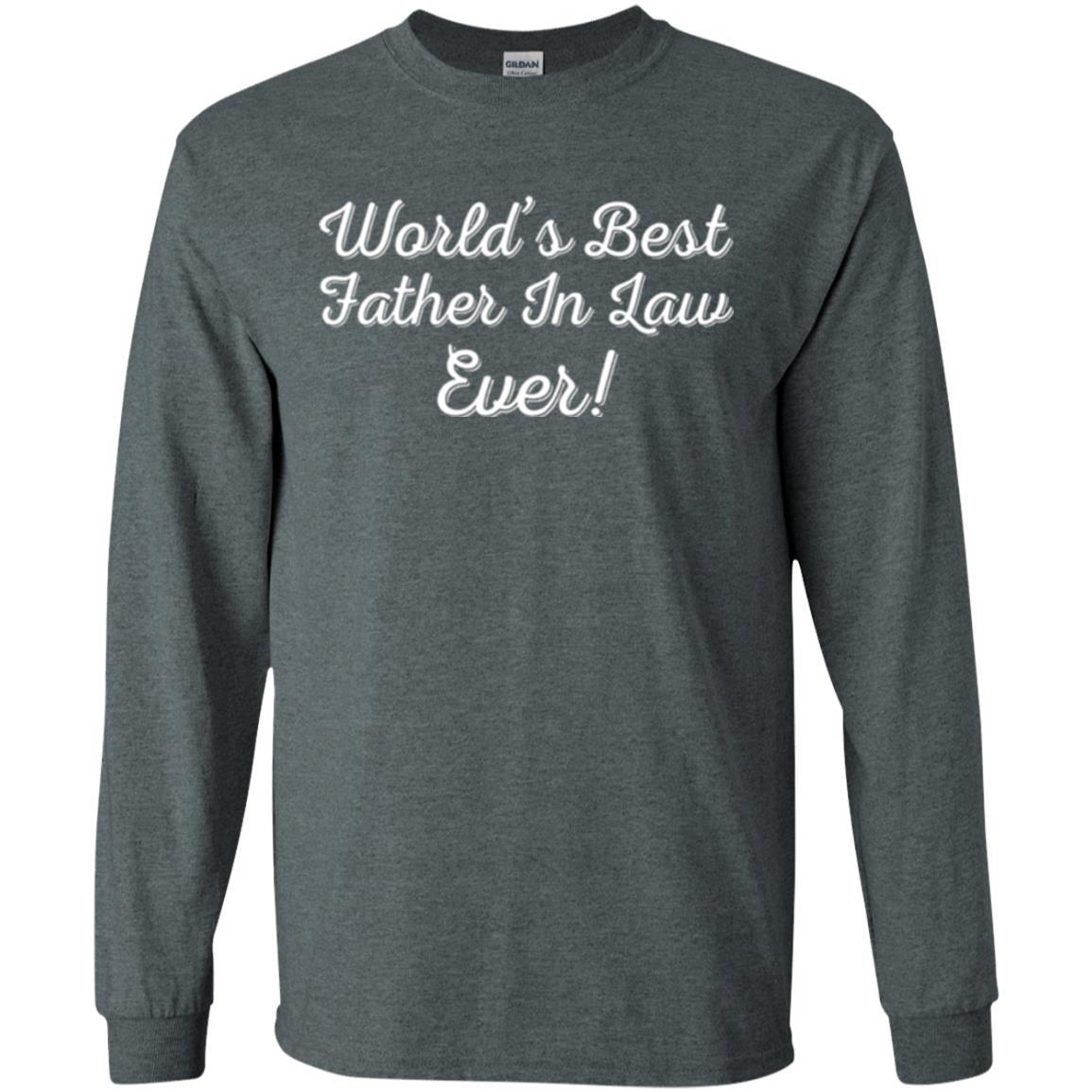 Daddy T-shirt World's Best Father In Law Ever T-shirt Dark Heather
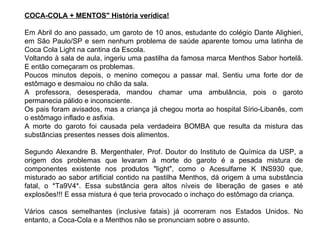 COCA-COLA + MENTOS" História verídica! Em Abril do ano passado, um garoto de 10 anos, estudante do colégio Dante Alighieri, em São Paulo/SP e sem nenhum problema de saúde aparente tomou uma latinha de Coca Cola Light na cantina da Escola. Voltando à sala de aula, ingeriu uma pastilha da famosa marca Menthos Sabor hortelã. E então começaram os problemas.  Poucos minutos depois, o menino começou a passar mal. Sentiu uma forte dor de estômago e desmaiou no chão da sala.  A professora, desesperada, mandou chamar uma ambulância, pois o garoto permanecia pálido e inconsciente.  Os pais foram avisados, mas a criança já chegou morta ao hospital Sírio-Libanês, com o estômago inflado e asfixia.  A morte do garoto foi causada pela verdadeira BOMBA que resulta da mistura das substâncias presentes nesses dois alimentos. Segundo Alexandre B. Mergenthaler, Prof. Doutor do Instituto de Química da USP, a origem dos problemas que levaram à morte do garoto é a pesada mistura de componentes existente nos produtos "light", como o Acesulfame K INS930 que, misturado ao sabor artificial contido na pastilha Menthos, dá origem à uma substância fatal, o *Ta9V4*. Essa substância gera altos níveis de liberação de gases e até explosões!!! E essa mistura é que teria provocado o inchaço do estômago da criança.  Vários casos semelhantes (inclusive fatais) já ocorreram nos Estados Unidos. No entanto, a Coca-Cola e a Menthos não se pronunciam sobre o assunto. 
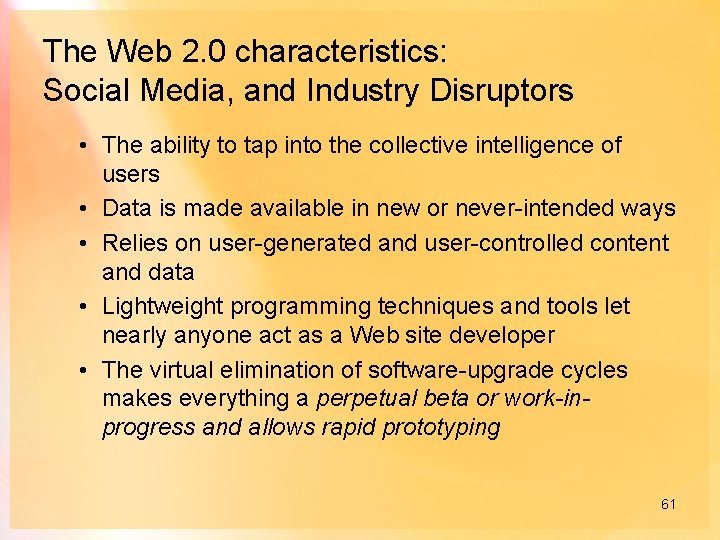 The Web 2. 0 characteristics: Social Media, and Industry Disruptors • The ability to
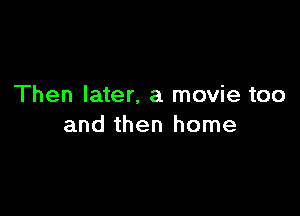 Then later, a movie too

and then home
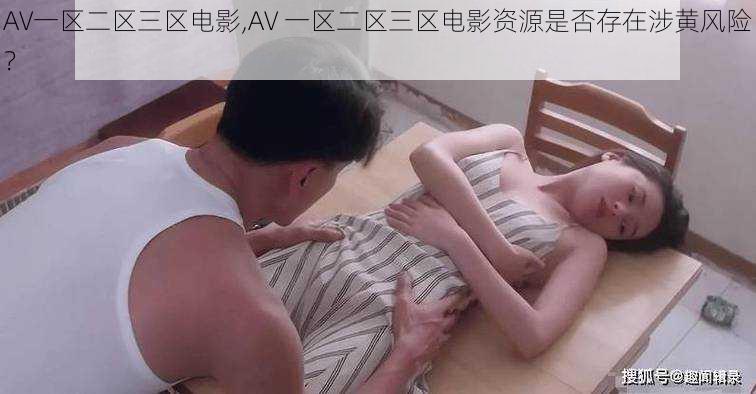 AV一区二区三区电影,AV 一区二区三区电影资源是否存在涉黄风险？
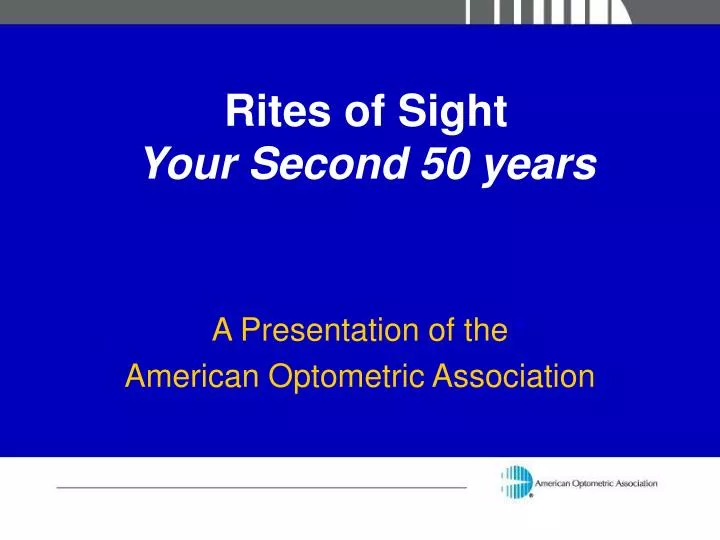 rites of sight your second 50 years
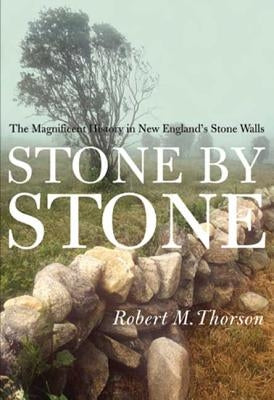 Stone by Stone: The Magnificent History in New England's Stone Walls - Paperback | Diverse Reads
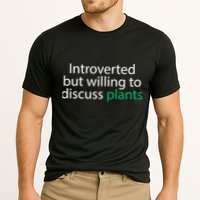 Introverted But Willing To Discuss Plants Performance Shirt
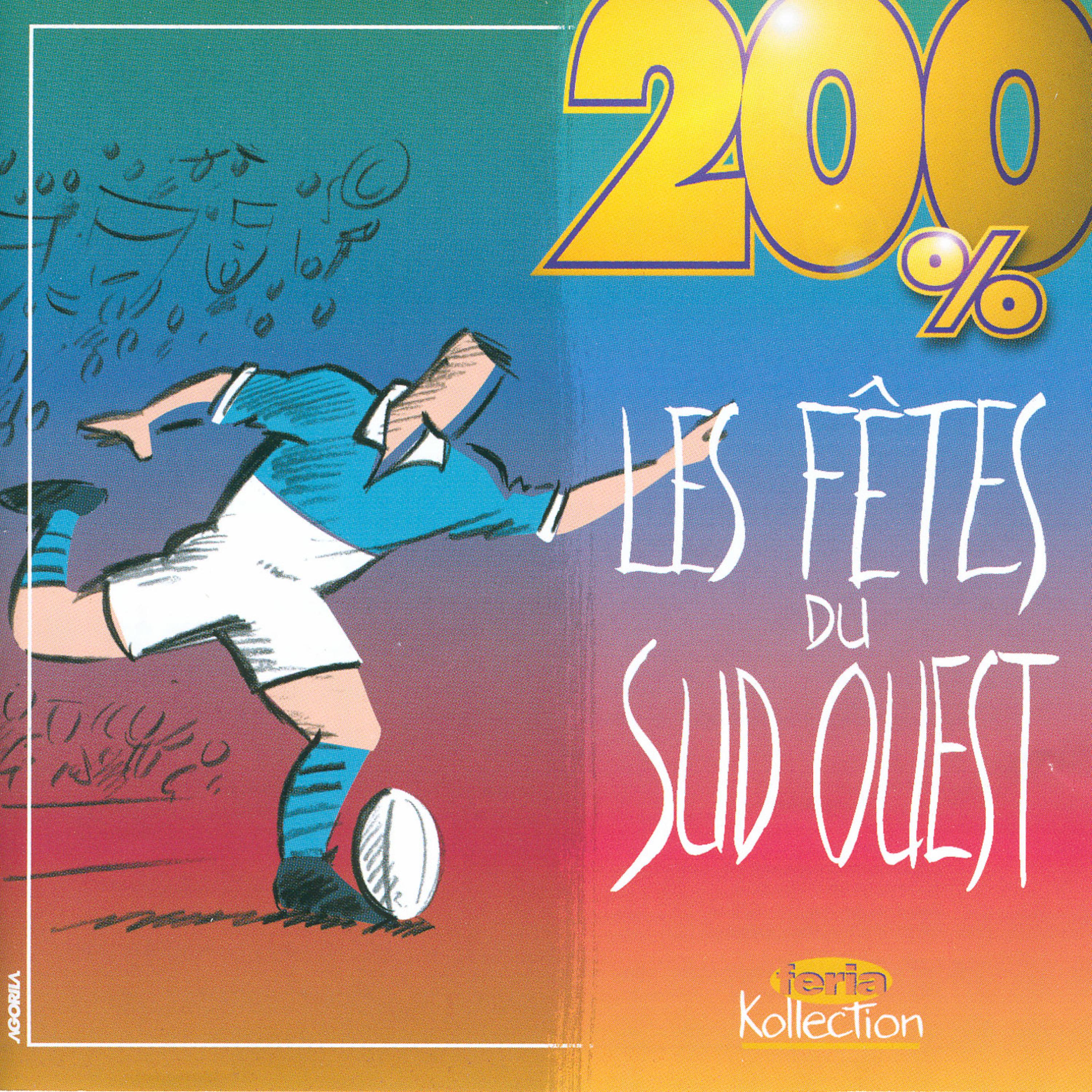 Постер альбома 200% Les fêtes du Sud-Ouest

§ §

* ABOUT THIS EXERCISE: Please give the data again in full, exactly as written, but without any images.

* THE COMPLETED TASK:
 Daddy T-shirt World's Best Father In Law Ever T-shirt Dark Heather
 COCA-COLA + MENTOS" História verídica! Em Abril do ano passado, um garoto de 10 anos, estudante do colégio Dante Alighieri, em São Paulo/SP e sem nenhum problema de saúde aparente tomou uma latinha de Coca Cola Light na cantina da Escola. Voltando à sala de aula, ingeriu uma pastilha da famosa marca Menthos Sabor hortelã. E então começaram os problemas.  Poucos minutos depois, o menino começou a passar mal. Sentiu uma forte dor de estômago e desmaiou no chão da sala.  A professora, desesperada, mandou chamar uma ambulância, pois o garoto permanecia pálido e inconsciente.  Os pais foram avisados, mas a criança já chegou morta ao hospital Sírio-Libanês, com o estômago inflado e asfixia.  A morte do garoto foi causada pela verdadeira BOMBA que resulta da mistura das substâncias presentes nesses dois alimentos. Segundo Alexandre B. Mergenthaler, Prof. Doutor do Instituto de Química da USP, a origem dos problemas que levaram à morte do garoto é a pesada mistura de componentes existente nos produtos "light", como o Acesulfame K INS930 que, misturado ao sabor artificial contido na pastilha Menthos, dá origem à uma substância fatal, o *Ta9V4*. Essa substância gera altos níveis de liberação de gases e até explosões!!! E essa mistura é que teria provocado o inchaço do estômago da criança.  Vários casos semelhantes (inclusive fatais) já ocorreram nos Estados Unidos. No entanto, a Coca-Cola e a Menthos não se pronunciam sobre o assunto. 
 The Web 2. 0 characteristics: Social Media, and Industry Disruptors • The ability to
 Then later, a movie too

and then home
 AV一区二区三区电影,AV 一区二区三区电影资源是否存在涉黄风险？
 rites of sight your second 50 years
 Stone by Stone: The Magnificent History in New England's Stone Walls - Paperback | Diverse Reads
 Introverted But Willing To Discuss Plants Performance Shirt
 Постер альбома 200% Les fêtes du Sud-Ouest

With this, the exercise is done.